Tuesday, May 19, 2020

MQTT as transport for PostgreSQL events

MQTT has become a de-facto standard for the transport of messages between IoT devices. As a result, a plethora of libraries and MQTT message brokers have become available. Can we use this to transport messages originating from PostgreSQL?

Aa message broker we use Eclipse Mosquitto which is dead simple to set up if you don't have to change the default settings. Such a default installation is neither secure nor highly available, but for our demo it will do just fine.
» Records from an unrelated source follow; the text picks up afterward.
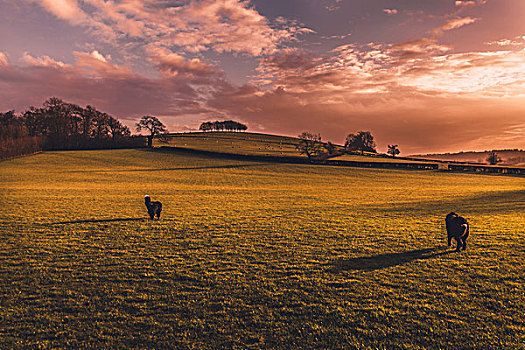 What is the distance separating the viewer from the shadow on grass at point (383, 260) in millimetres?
8999

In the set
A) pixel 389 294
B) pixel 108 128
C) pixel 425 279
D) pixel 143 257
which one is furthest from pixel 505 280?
pixel 108 128

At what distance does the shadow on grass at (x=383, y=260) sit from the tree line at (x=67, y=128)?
278 ft

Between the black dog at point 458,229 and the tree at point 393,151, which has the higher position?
the tree at point 393,151

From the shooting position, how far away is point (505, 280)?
796 cm

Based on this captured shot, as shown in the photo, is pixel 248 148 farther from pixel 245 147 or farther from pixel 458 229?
pixel 458 229

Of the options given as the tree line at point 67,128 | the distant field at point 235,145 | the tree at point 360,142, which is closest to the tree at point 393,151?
the tree at point 360,142

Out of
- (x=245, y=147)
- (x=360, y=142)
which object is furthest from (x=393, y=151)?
(x=245, y=147)

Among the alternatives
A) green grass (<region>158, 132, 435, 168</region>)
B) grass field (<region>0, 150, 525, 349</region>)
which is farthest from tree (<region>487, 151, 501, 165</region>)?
grass field (<region>0, 150, 525, 349</region>)

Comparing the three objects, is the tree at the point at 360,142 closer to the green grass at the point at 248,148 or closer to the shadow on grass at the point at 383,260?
the green grass at the point at 248,148

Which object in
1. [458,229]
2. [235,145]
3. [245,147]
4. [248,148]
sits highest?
[235,145]

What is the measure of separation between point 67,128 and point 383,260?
95.0 metres

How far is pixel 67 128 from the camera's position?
78125 mm

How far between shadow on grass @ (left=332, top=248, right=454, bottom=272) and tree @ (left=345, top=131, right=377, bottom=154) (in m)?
111

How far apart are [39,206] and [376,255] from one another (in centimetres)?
2223
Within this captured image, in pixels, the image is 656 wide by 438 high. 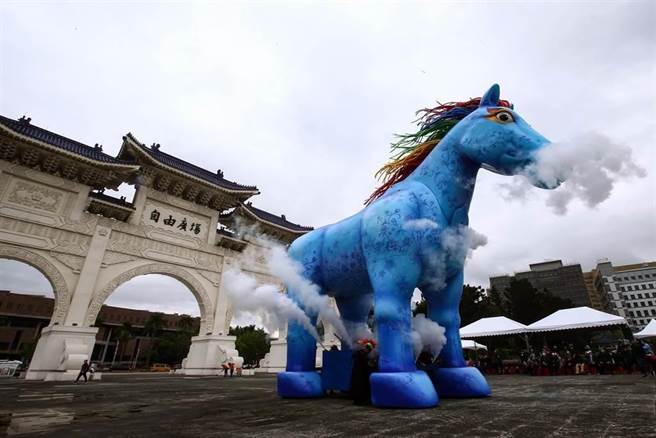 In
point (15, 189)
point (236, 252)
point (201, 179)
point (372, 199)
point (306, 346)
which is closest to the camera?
point (306, 346)

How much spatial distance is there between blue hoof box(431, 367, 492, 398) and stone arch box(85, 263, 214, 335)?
34.1 feet

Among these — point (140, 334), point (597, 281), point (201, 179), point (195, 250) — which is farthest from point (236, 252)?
point (597, 281)

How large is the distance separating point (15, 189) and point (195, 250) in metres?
5.35

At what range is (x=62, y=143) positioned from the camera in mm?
11039

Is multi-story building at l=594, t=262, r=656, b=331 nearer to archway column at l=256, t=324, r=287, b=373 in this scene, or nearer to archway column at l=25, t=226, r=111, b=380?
archway column at l=256, t=324, r=287, b=373

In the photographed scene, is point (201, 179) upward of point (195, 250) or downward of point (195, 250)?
upward

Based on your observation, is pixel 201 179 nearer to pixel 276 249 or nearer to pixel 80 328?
pixel 80 328

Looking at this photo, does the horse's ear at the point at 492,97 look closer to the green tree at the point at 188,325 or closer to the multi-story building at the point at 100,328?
the multi-story building at the point at 100,328

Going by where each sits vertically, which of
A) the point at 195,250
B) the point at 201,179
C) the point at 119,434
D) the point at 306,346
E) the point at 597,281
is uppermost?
the point at 597,281

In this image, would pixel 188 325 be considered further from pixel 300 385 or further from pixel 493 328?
pixel 300 385

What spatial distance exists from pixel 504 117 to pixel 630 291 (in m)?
83.4

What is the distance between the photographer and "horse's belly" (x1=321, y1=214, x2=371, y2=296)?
382cm

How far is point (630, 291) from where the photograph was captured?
64375 mm

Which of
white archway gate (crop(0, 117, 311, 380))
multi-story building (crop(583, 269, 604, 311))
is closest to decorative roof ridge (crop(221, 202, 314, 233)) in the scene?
white archway gate (crop(0, 117, 311, 380)) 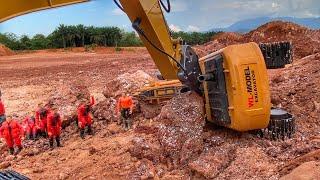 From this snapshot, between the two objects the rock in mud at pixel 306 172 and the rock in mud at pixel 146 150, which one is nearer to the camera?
the rock in mud at pixel 306 172

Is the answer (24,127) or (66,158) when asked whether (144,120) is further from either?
(24,127)

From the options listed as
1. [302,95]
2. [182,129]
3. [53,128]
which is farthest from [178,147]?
[53,128]

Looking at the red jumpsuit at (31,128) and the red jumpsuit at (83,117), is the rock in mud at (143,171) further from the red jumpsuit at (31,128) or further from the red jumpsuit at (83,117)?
the red jumpsuit at (31,128)

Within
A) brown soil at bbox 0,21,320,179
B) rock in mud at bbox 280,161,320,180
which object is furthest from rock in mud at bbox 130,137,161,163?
rock in mud at bbox 280,161,320,180

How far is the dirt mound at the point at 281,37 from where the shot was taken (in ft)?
72.5

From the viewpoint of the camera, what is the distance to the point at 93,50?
140ft

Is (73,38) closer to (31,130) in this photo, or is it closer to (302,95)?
(31,130)

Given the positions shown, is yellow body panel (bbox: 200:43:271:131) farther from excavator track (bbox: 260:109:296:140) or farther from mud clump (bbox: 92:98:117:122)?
mud clump (bbox: 92:98:117:122)

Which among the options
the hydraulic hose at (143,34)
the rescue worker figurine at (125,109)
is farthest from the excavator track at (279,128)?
the rescue worker figurine at (125,109)

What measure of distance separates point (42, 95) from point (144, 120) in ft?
31.9

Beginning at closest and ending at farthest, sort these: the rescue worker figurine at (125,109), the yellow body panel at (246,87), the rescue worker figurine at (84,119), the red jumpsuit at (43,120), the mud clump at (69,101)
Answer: the yellow body panel at (246,87) < the rescue worker figurine at (125,109) < the rescue worker figurine at (84,119) < the red jumpsuit at (43,120) < the mud clump at (69,101)

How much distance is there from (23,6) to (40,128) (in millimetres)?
7506

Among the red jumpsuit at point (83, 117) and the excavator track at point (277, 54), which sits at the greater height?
the excavator track at point (277, 54)

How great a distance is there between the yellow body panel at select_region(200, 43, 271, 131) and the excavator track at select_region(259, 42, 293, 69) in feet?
14.4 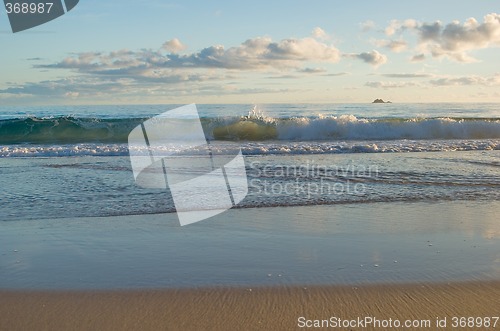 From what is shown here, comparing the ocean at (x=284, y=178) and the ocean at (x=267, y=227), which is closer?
the ocean at (x=267, y=227)

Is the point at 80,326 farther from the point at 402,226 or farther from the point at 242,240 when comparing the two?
the point at 402,226

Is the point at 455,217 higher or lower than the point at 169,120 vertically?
lower

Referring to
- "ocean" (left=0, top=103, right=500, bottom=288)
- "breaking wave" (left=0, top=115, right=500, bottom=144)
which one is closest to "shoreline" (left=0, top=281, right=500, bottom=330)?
"ocean" (left=0, top=103, right=500, bottom=288)

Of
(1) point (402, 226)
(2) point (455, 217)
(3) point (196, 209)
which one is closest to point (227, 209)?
(3) point (196, 209)

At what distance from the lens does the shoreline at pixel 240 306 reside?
3.99 metres

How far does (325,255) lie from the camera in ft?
18.0

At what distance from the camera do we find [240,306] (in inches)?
167

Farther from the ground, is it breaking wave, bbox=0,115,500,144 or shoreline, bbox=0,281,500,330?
breaking wave, bbox=0,115,500,144

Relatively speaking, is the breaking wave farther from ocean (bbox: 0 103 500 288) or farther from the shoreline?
the shoreline

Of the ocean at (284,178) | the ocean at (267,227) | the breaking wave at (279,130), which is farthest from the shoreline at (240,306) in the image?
the breaking wave at (279,130)

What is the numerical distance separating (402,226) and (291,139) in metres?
18.6

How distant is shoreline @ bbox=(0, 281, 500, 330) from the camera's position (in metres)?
3.99

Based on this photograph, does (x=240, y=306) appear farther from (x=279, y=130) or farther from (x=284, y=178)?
(x=279, y=130)

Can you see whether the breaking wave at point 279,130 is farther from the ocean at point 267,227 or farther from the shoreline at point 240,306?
the shoreline at point 240,306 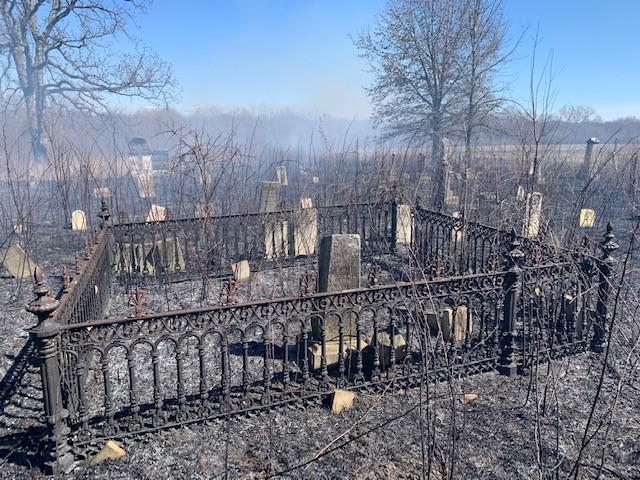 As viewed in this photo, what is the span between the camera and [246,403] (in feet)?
13.1

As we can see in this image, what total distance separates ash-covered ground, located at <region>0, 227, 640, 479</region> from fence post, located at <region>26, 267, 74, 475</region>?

The event generators are written in Python3 with Eclipse paho mqtt for Python.

There are at least two ways to generate events from a PostgreSQL database, pg_recvlogical and NOTIFY / LISTEN. Both have their advantages and shortcomings.

pg_recvlogical:

  • Configured on server and database level
  • Generates comprehensive information about everything that happens in the database
  • No additional programming neccessary
  • Needs plugins to decode messages, e.g. into JSON
  • Filtering has to be done later, e.g. by the decoder plugin
NOTIFY / LISTEN:
  • Configured on DDL and table level
  • Generates exactly the information and format you program into the triggers
  • Filtering can be done before sending the message
  • Needs trigger programming
  • The message size is limited to 8000 bytes
Examples for both approaches can be found here. The NOTIFY / LISTEN example lacks a proper decoder but this makes be a good excercise to start with. The pg_recvlogical example needs the wal2json plugin, which can be found here and the proper setup, which is also explained in the Readme. Please note, that the slot used in the example is mqtt_slot, not test_slot:


pg_recvlogical -d postgres --slot mqtt_slot --create-slot -P wal2json

Otherwise, setup.sql should generate all objects to run both examples.